The article is not very long, so here it is in its entirety:

Artisan cheese-making brings them a new slice of life
Dairy farmers hit by a sour economy find renewed purpose as makers of handcrafted cheese.

Karen Bianchi-Moreda led her family's transition to Valley Ford Cheese. With her is dad Paul Bianchi. (Rose Halady)

Cheesemakers
Where to buy the cheese

By Kirstin Jackson, Special to the Los Angeles Times
October 21, 2010

For five generations, Karen Bianchi-Moreda's family had been dairy farmers in the Sonoma town of Valley Ford. The year 2009 almost changed all that as she watched her neighbors leave the business one after another. Then she found cheese.
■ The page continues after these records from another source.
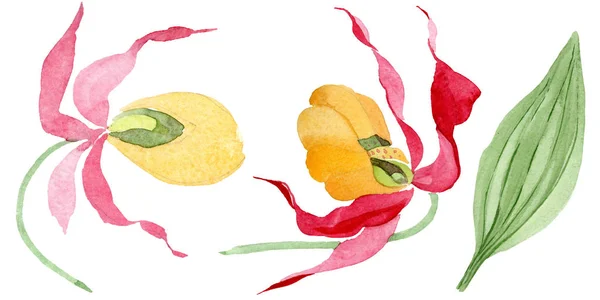 Lady slipper orchids watercolor illustration set isolated on white — Stock Image Lady Slipper Orchids Watercolor Illustration Set Isolated White Stock Image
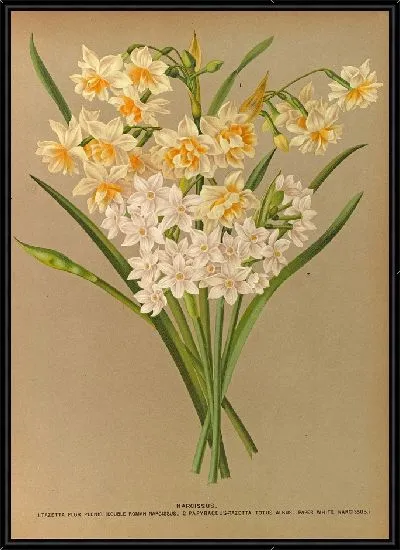 Картина Нарцисс 2 (1872-1881)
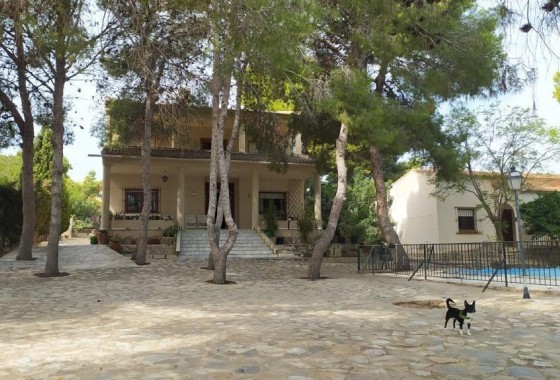 Detached Villa - Resale - Torrevieja - Los Balcones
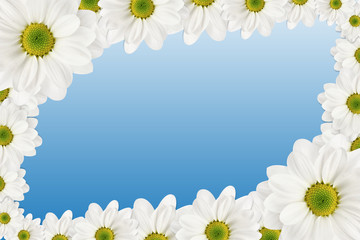 Flowers frame on blue background.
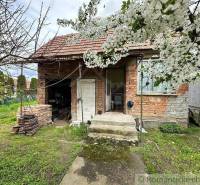 A brick family house, unplastered, with blooming trees and a garden in the background.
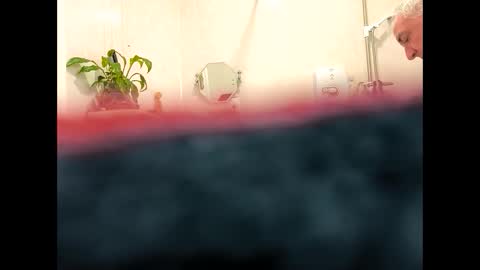 Snapshot of petrol63102 chatting on 02.19.26 petrol63102 online show from 02.19.26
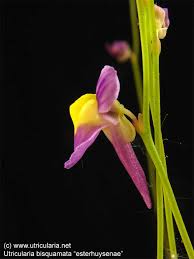Image result for Utricularia welwitschii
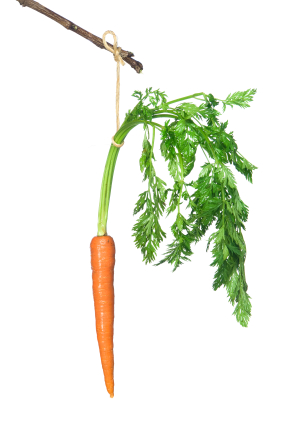 carrot on a stick External Motivation: The Quick Fix that Doesn’t Last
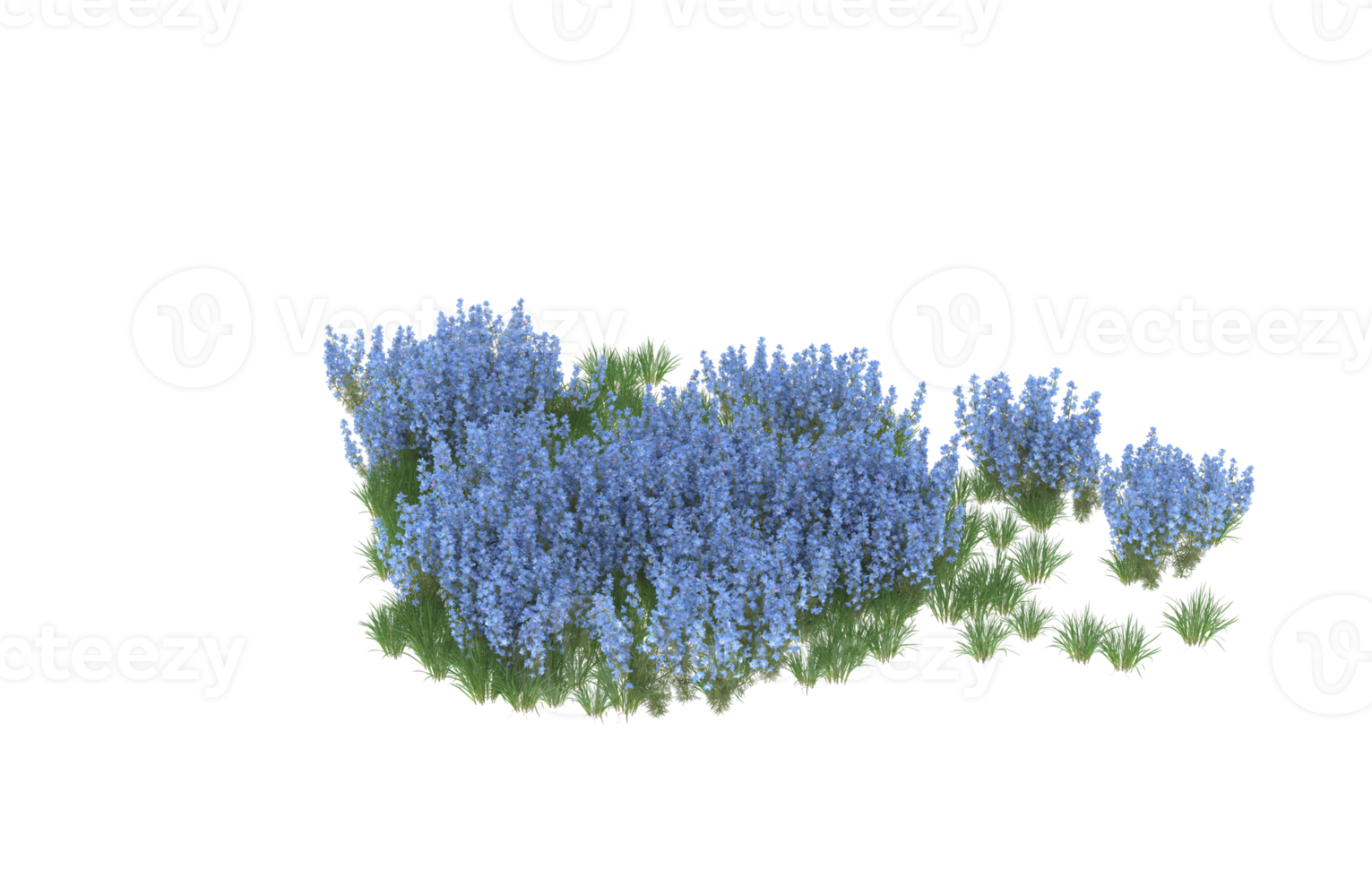 realistisch gebladerte geïsoleerd Aan transparant achtergrond. 3d renderen - illustratie png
Now her dairy, Valley Ford Cheese Co., is one of several across the country that have found new life by turning their focus from commodity milk into making some of the best artisan cheeses in the nation.

These are hard times for small dairy farmers - there are water shortages, corporate dairy processors are paying an average 40% less for milk than they did two years ago, exports are falling, and the cost of hay, cattle feed and gas are skyrocketing.

As the dairy's bookkeeper, Bianchi-Moreda spent nights awake worrying about her two sons, who had also decided to go into dairy, "not for the money," she says with a laugh, but for the life it offered them. Around her, she felt the farm crumble.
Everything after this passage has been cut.